• What you need to do
Consider the listing below. Extract exactly the lines from the line containing "Mini Stepper With Rope and Counter" to the line containing "Контейнер с химическим", both included.

• Excerpted records

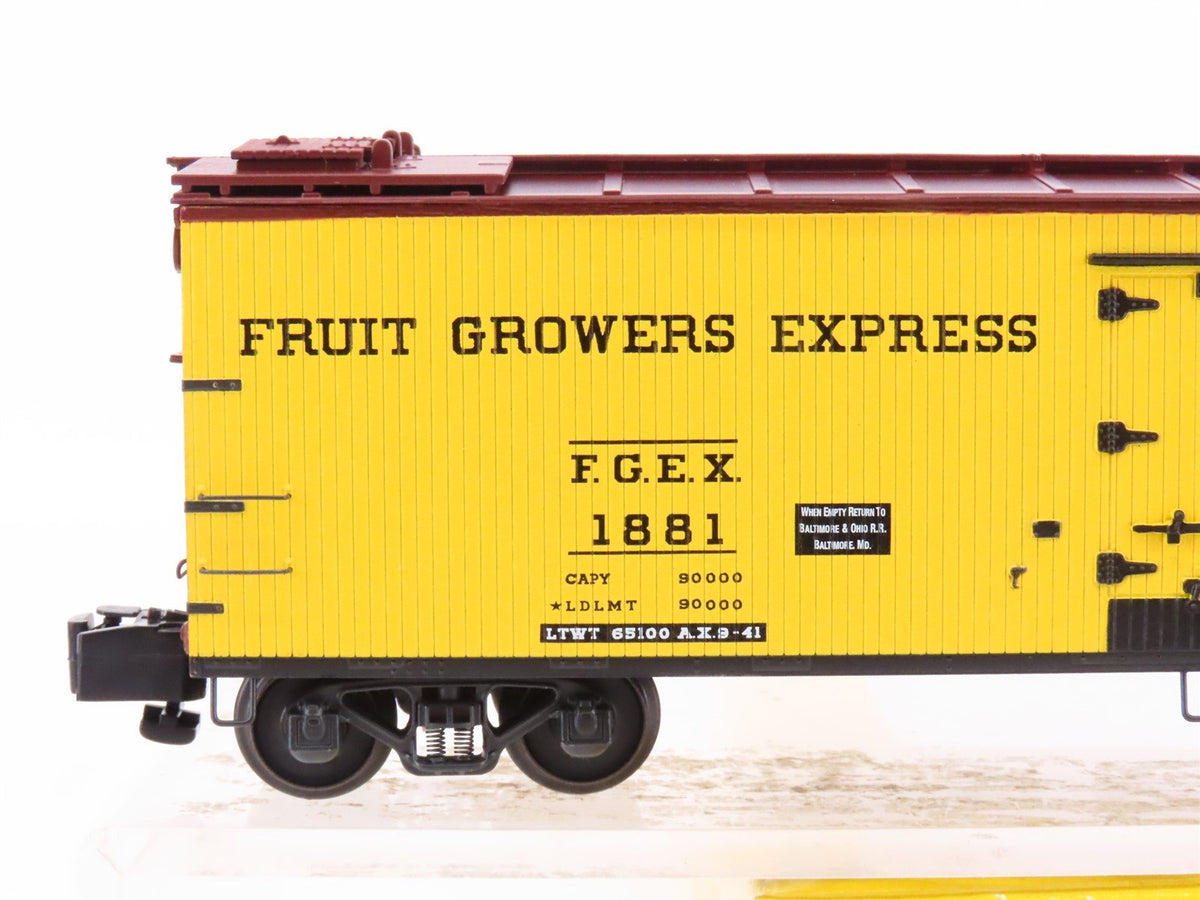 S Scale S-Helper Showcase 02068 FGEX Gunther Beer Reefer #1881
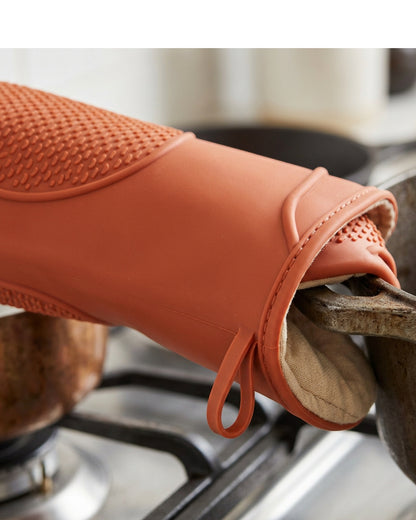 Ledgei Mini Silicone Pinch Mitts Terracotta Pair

...

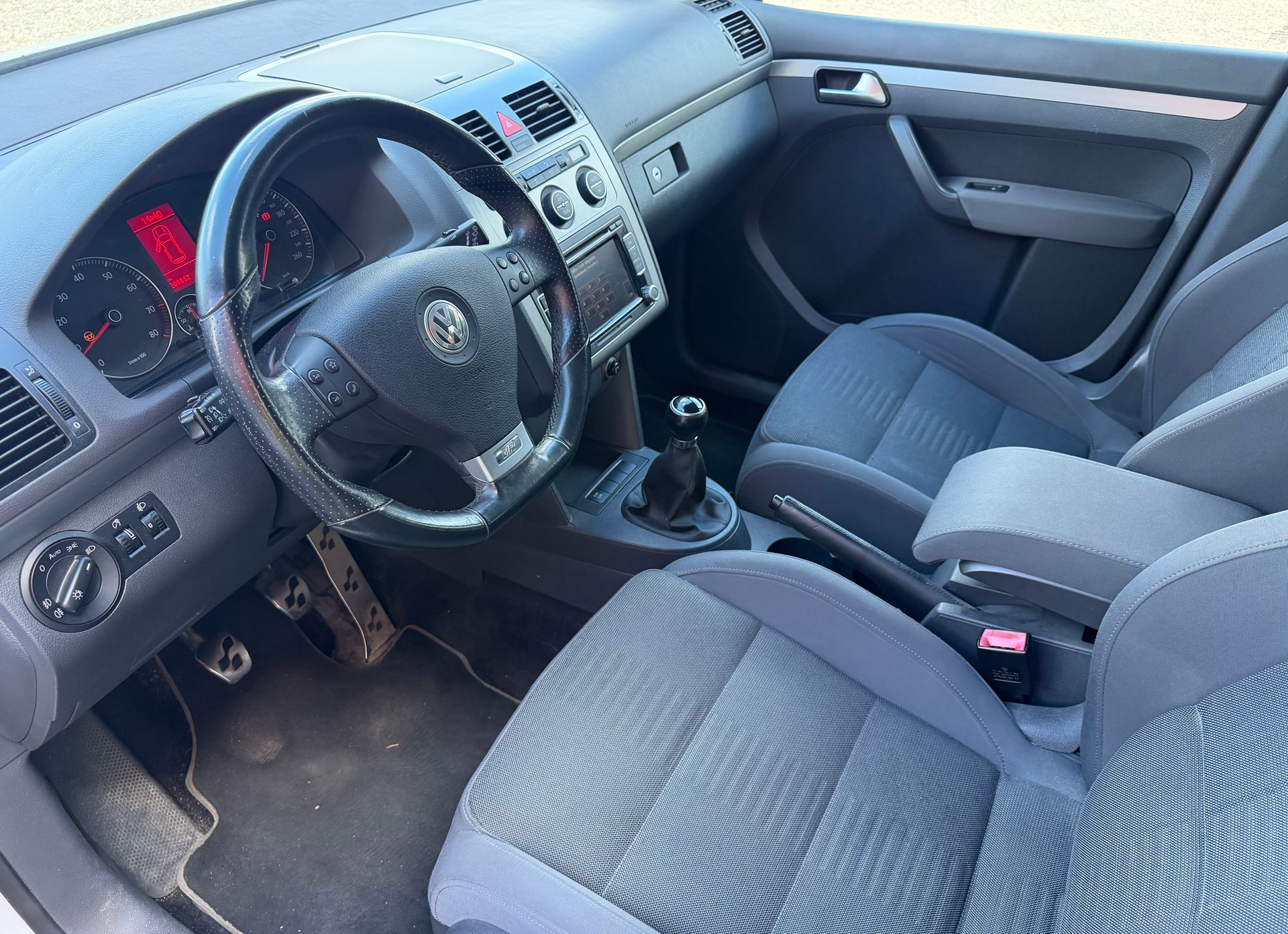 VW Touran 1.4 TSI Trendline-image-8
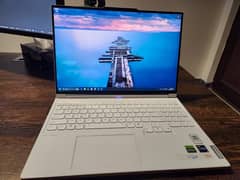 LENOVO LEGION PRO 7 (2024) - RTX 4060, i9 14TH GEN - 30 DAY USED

---

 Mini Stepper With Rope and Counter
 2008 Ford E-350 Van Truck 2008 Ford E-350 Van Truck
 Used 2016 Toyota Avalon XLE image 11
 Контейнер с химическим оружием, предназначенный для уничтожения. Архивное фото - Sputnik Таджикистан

• Exercise solution
 Mini Stepper With Rope and Counter
 2008 Ford E-350 Van Truck 2008 Ford E-350 Van Truck
 Used 2016 Toyota Avalon XLE image 11
 Контейнер с химическим оружием, предназначенный для уничтожения. Архивное фото - Sputnik Таджикистан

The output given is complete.